This illustrates the choice a researcher faces when deciding what to conclude from a study. Does the analysis of her data from a subset of her population of interest confirm or not confirm her hypothesis? In this example, based on Arab Barometer data, the findings are in the direction of her hypothesis, and differences in voting associated with views about the direction the country is going do not appear to be trivial. But are these differences big enough to justify the conclusion that judgements about the country’s path going forward are a determinant of voting, one among others of course, in the population from which her sample was drawn? In other words, although this relationship clearly characterizes the sample, it is unclear whether it characterizes the researcher’s population of interest, the population from which the sample was drawn.

Unless the researcher can gather data on the entire population of eligible voters, or at least almost all of this population, it is not possible to entirely eliminate uncertainty when the researcher makes inferences about the population of voters based on findings from the subset, or sample, of voters on which she has data. She can either conclude that her findings are sufficiently strong and clear to propose that the pattern she has observed characterizes the population as well, and that H1 is therefore confirmed; or she can conclude that her findings are not strong enough to make such an inference about the population, and that H1, therefore, is not confirmed. Either conclusion could be wrong, and so there is a chance of error no matter which conclusion the researcher advances.
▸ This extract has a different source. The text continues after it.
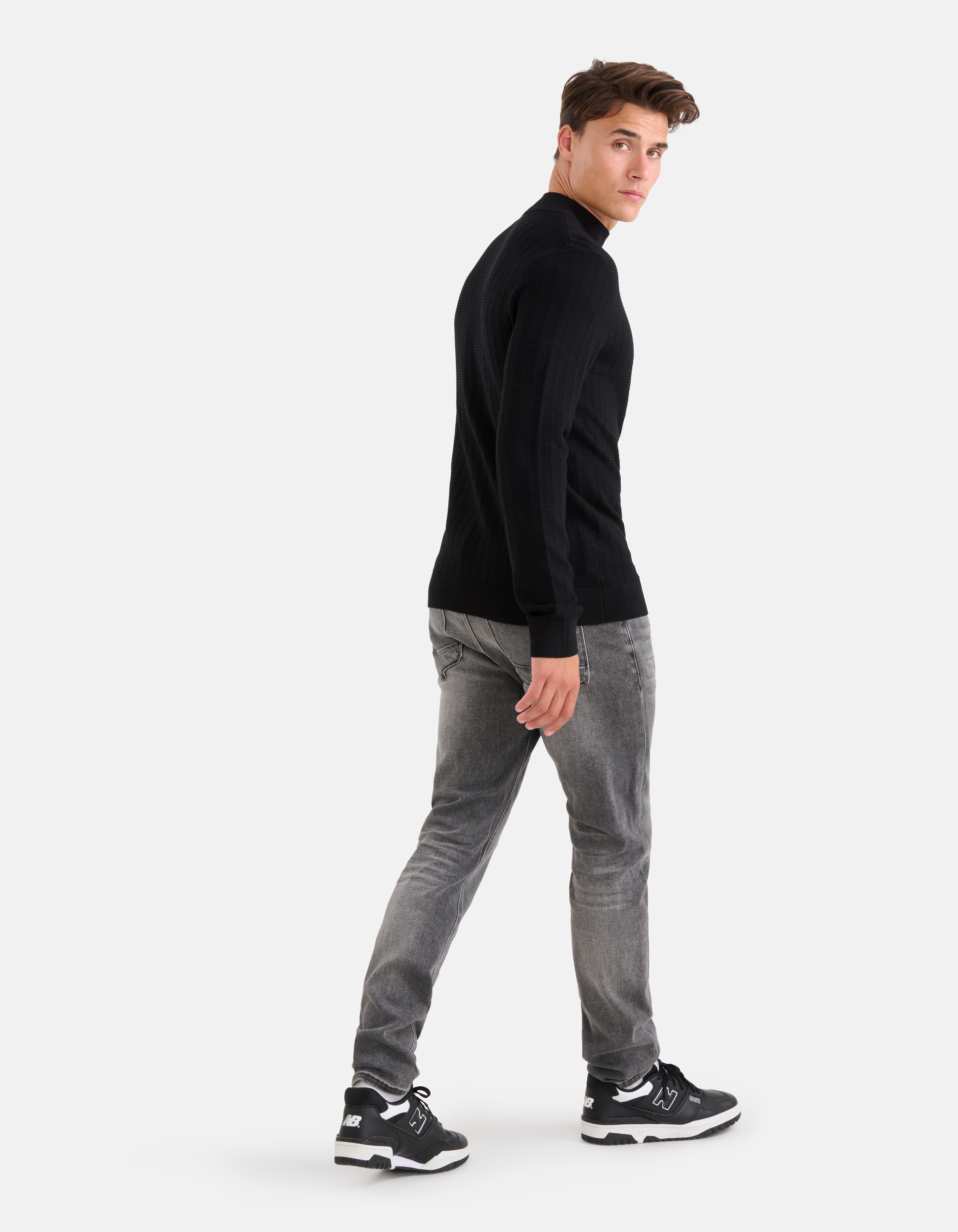 Structuur Trui Zwart SHOEBY MEN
The terms Type I error and Type II error are often used to designate the possible error associated with each of these inferences about the population based on the sample. Type I error refers to the rejection of a true null hypothesis. This means, in other words, that the investigator could be wrong if she concludes that her finding of a strong, or at least fairly strong, relationship between her variables characterizes Arab voters in the 12 countries in general, and if she thus judges H1 to have been confirmed when the population from which her sample was drawn is in fact characterized by H0. Type II error refers to acceptance of a false null hypothesis. This means, in other words, that the investigator could be wrong if she concludes that her finding of a somewhat weak relationship, or no relationship at all, between her variables characterizes Arab voters in the 12 countries in general, and that she thus judges H0 to be true when the population from which her sample was drawn is in fact characterized by H1.

In statistical analyses of quantitative data, decisions about whether to risk a Type I error or a Type II error are usually based on probabilities. More specifically, they are based on the probability of a researcher being wrong if she concludes that the variable relationship—or hypothesis in most cases—that characterizes her data, meaning her sample, also characterizes the population on which the researcher hopes her sample and data will shed light. To say this in yet another way, she computes the odds that her sample does not represent the population of which it is a subset; or more specifically still, she computes the odds that from a population that is characterized by the null hypothesis she could have obtained, by chance alone, a subset of the population, her sample, that is not characterized by the null hypothesis. The lower the odds, or probability, the more willing the researcher will be to risk a Type I error.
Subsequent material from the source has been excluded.